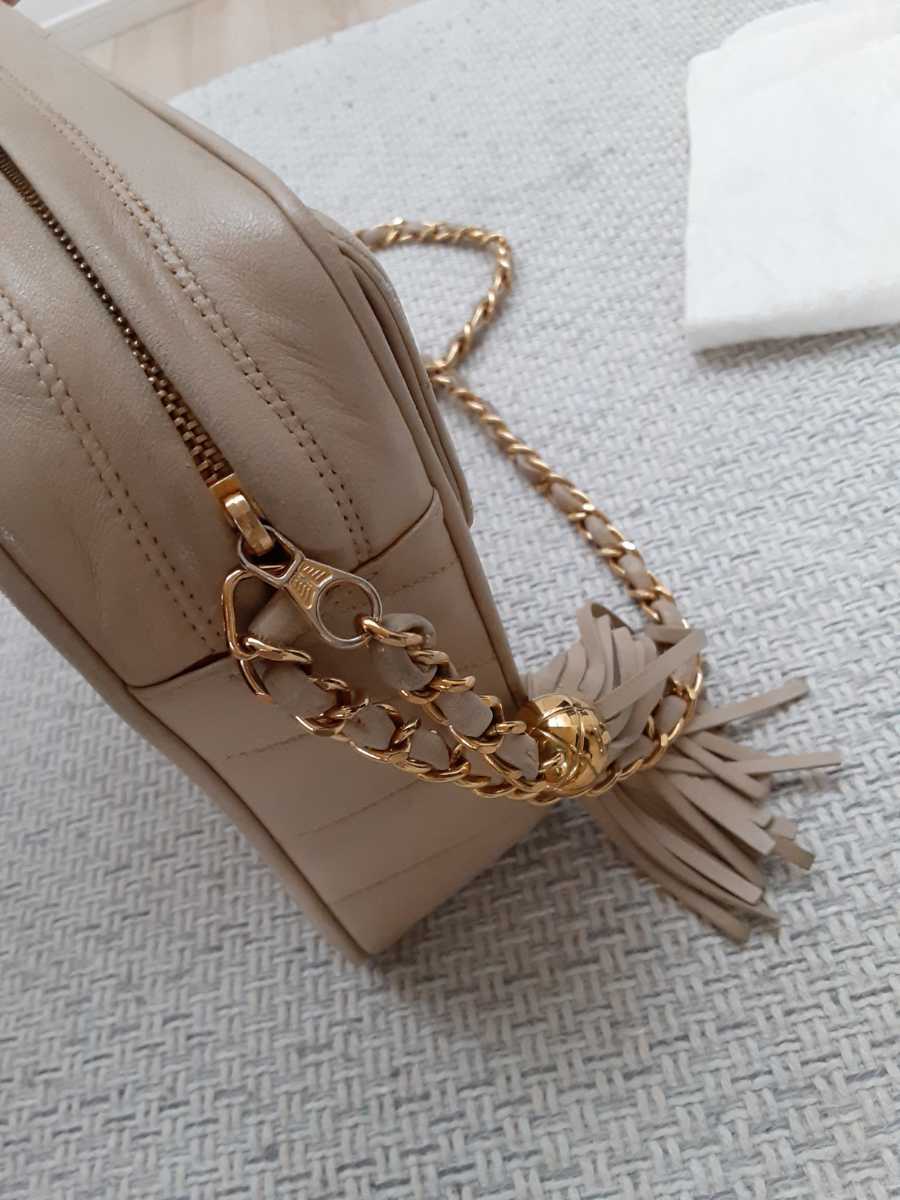 チェーンショルダーバッグ タッセル CHANEL タッセル付き シャネル(CHANEL)シャネル シャネル シェブロン マトラッセ ショルダーバッグ ココマーク キャビア Vステッチ - チェーン CHANEL(シャネル) CC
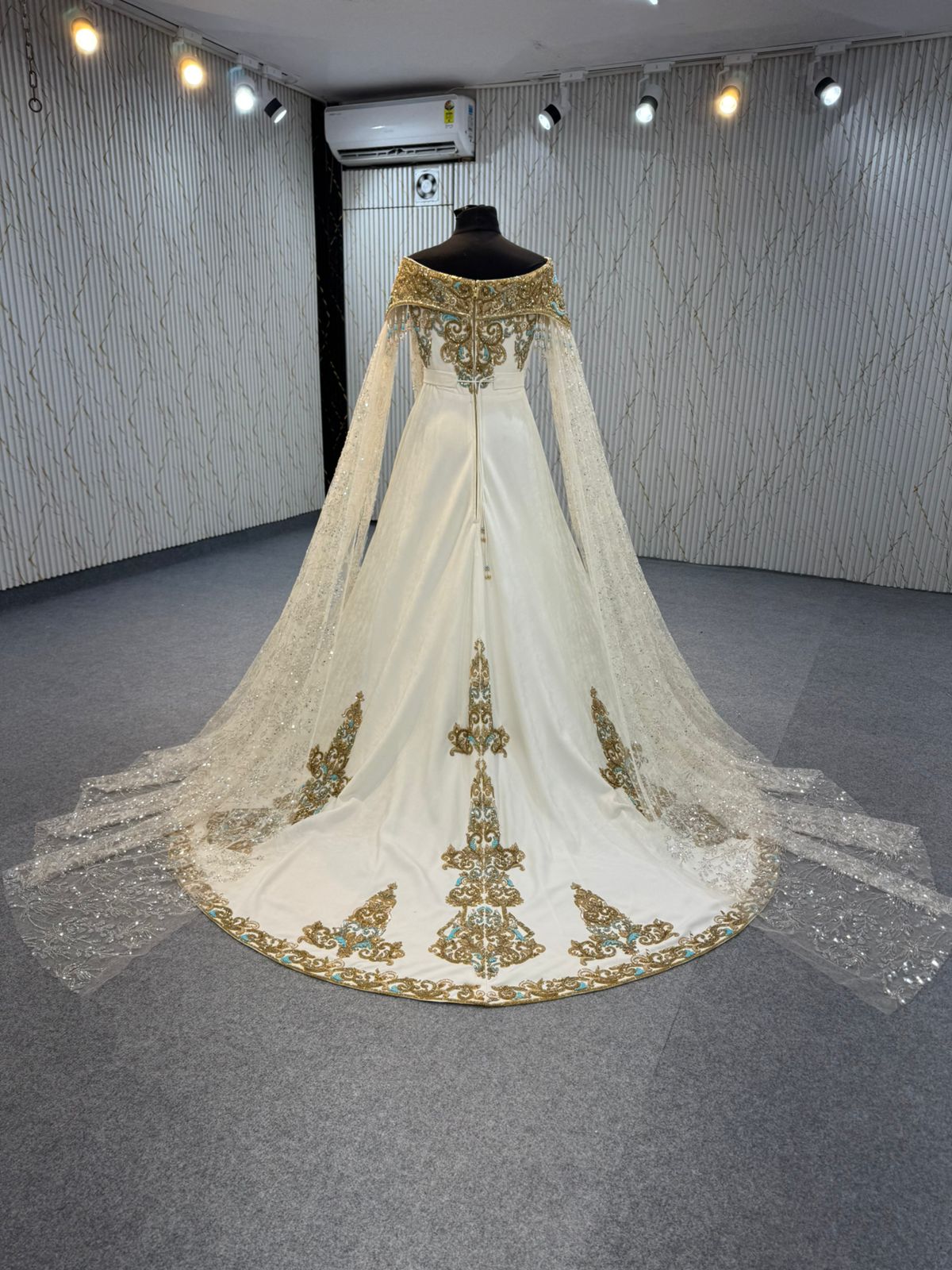 MRSF8944 Chaoui Dress Algerien Ref. number: Price: €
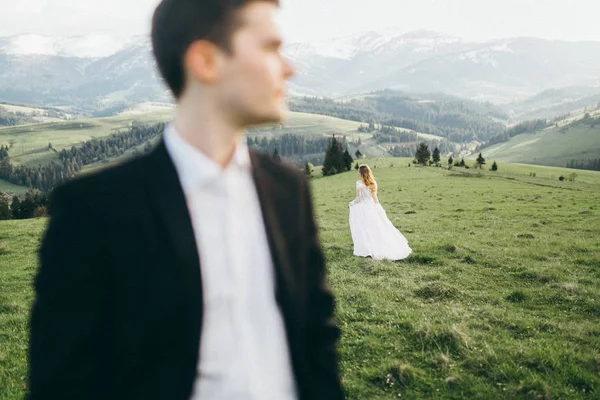 山のポーズ新婚夫婦の幸せな若いカップル — ストック写真
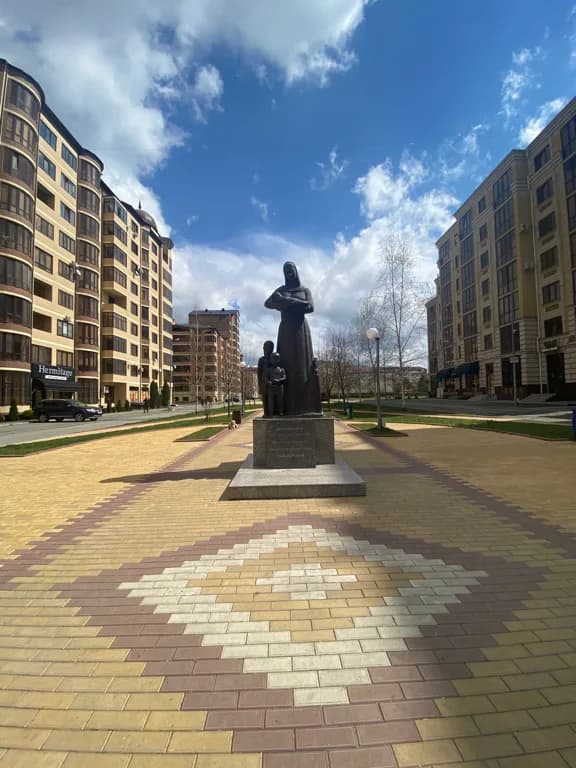 Аллея Матери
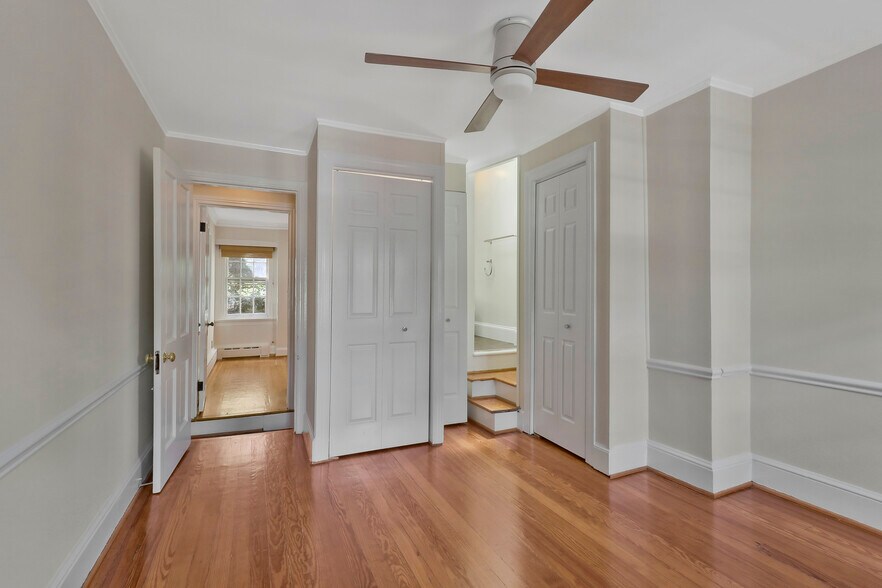 Building Photo - 1338 29th St NW
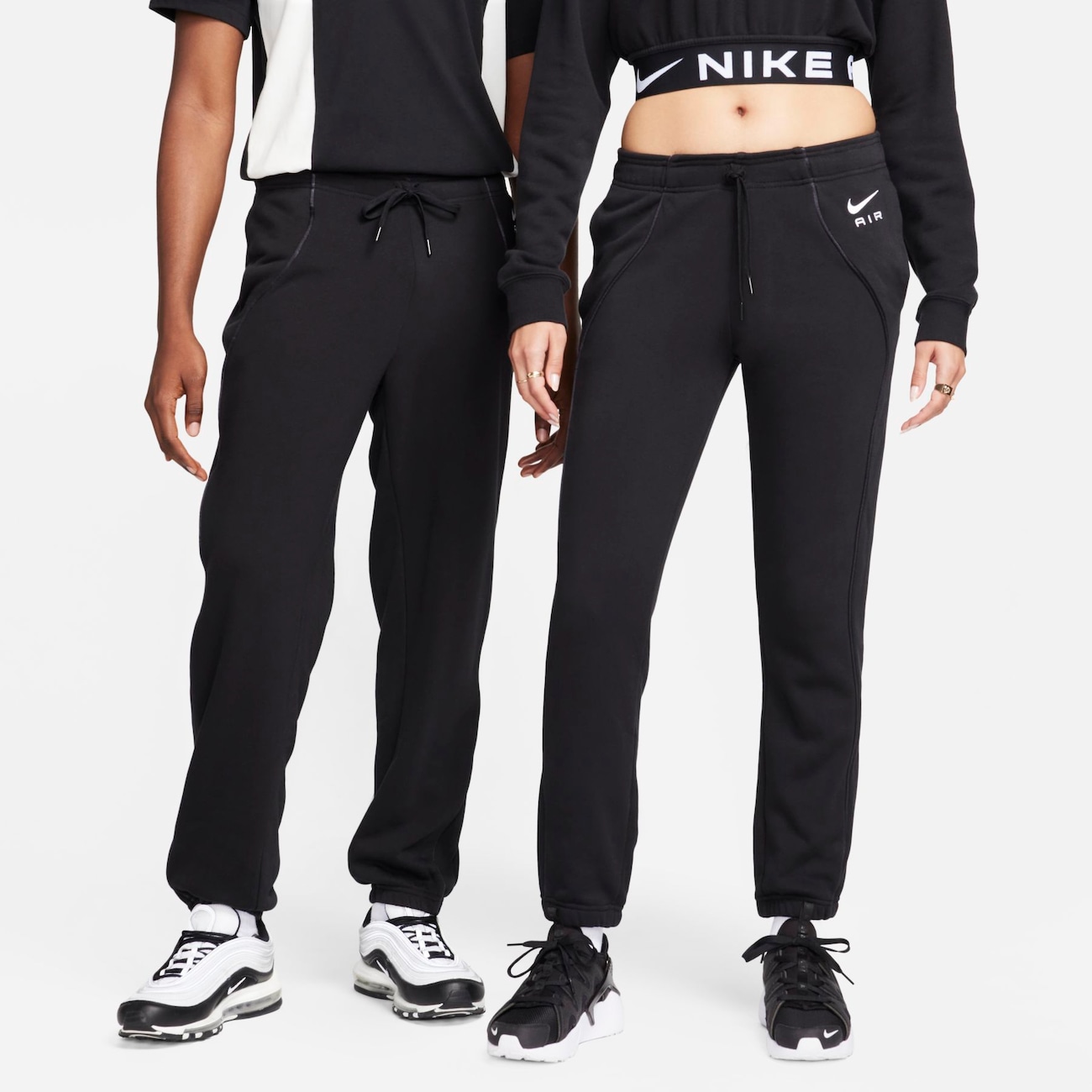 Nike Air-joggers i fleece med mellemhøj talje til kvinder - sort
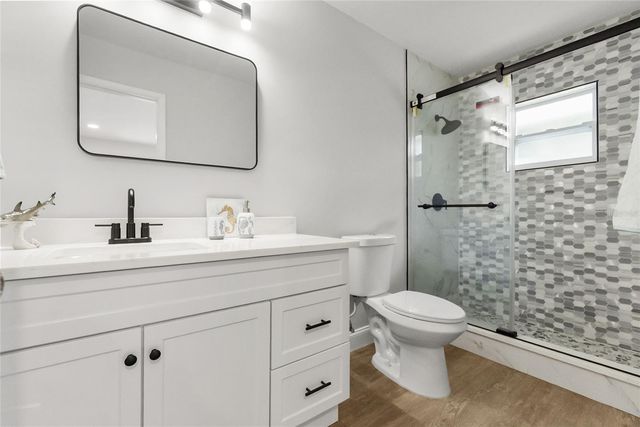 420 MELODY CIRCLE, Sarasota, FL 34237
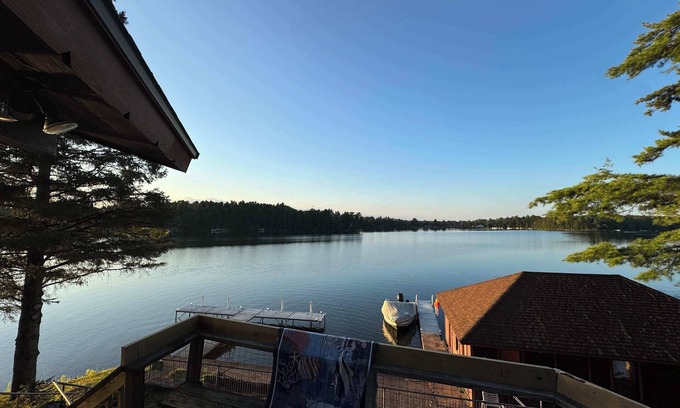Hayward House | Round Lake - Upscale - Private - 6Bdrm - 500+ft Lakeshore Retreat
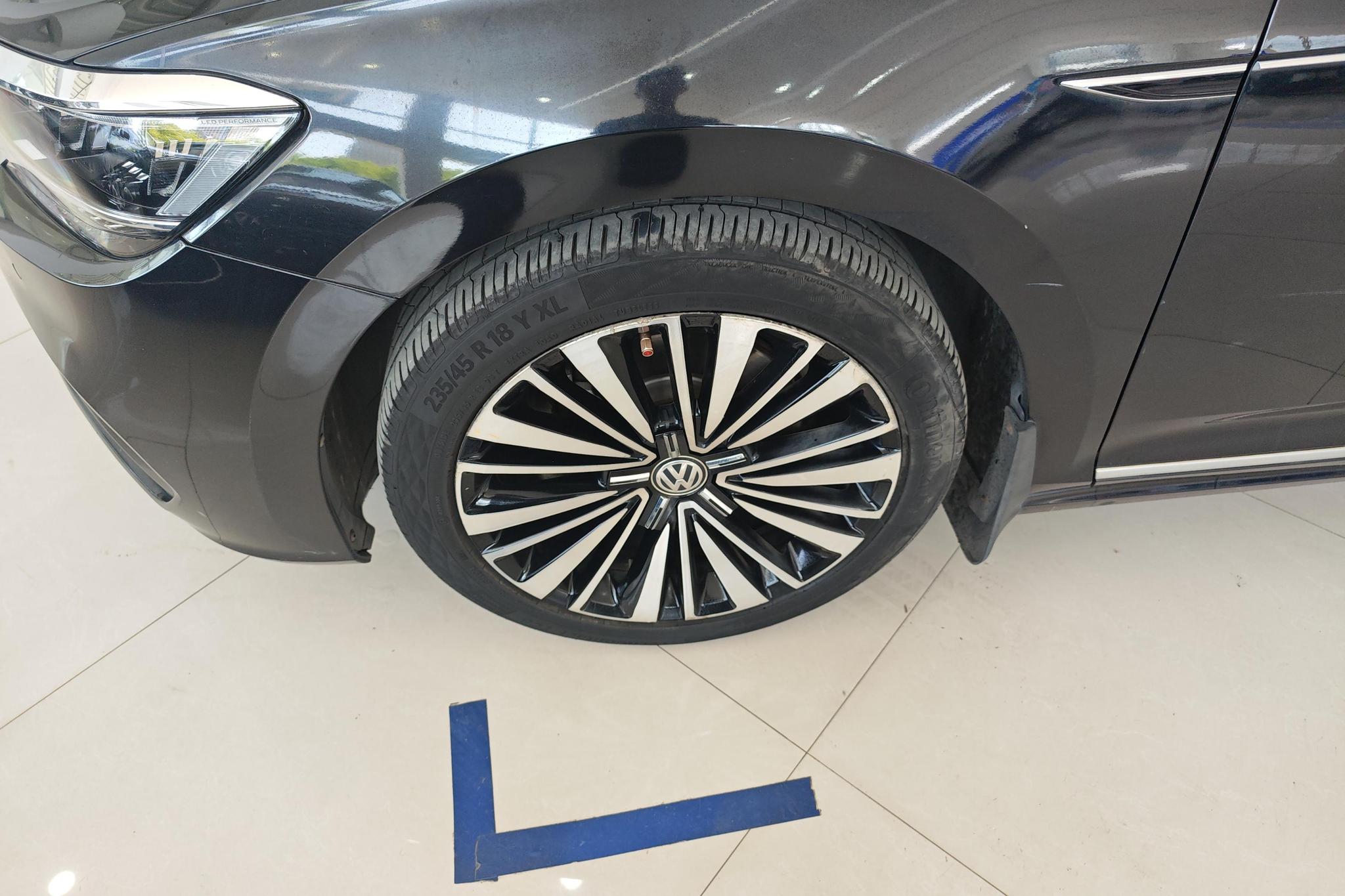 Volkswagen Passat 2020 330TSI Luxury VI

......

**What you are asked to do**
Leave out the pictures and repeat exactly the lines from the first line of the data through the line containing "420 MELODY CIRCLE, Sarasota, FL 34237". Add nothing else.

**Exercise answer**
 チェーンショルダーバッグ タッセル CHANEL タッセル付き シャネル(CHANEL)シャネル シャネル シェブロン マトラッセ ショルダーバッグ ココマーク キャビア Vステッチ - チェーン CHANEL(シャネル) CC
 MRSF8944 Chaoui Dress Algerien Ref. number: Price: €
 山のポーズ新婚夫婦の幸せな若いカップル — ストック写真
 Аллея Матери
 Building Photo - 1338 29th St NW
 Nike Air-joggers i fleece med mellemhøj talje til kvinder - sort
 420 MELODY CIRCLE, Sarasota, FL 34237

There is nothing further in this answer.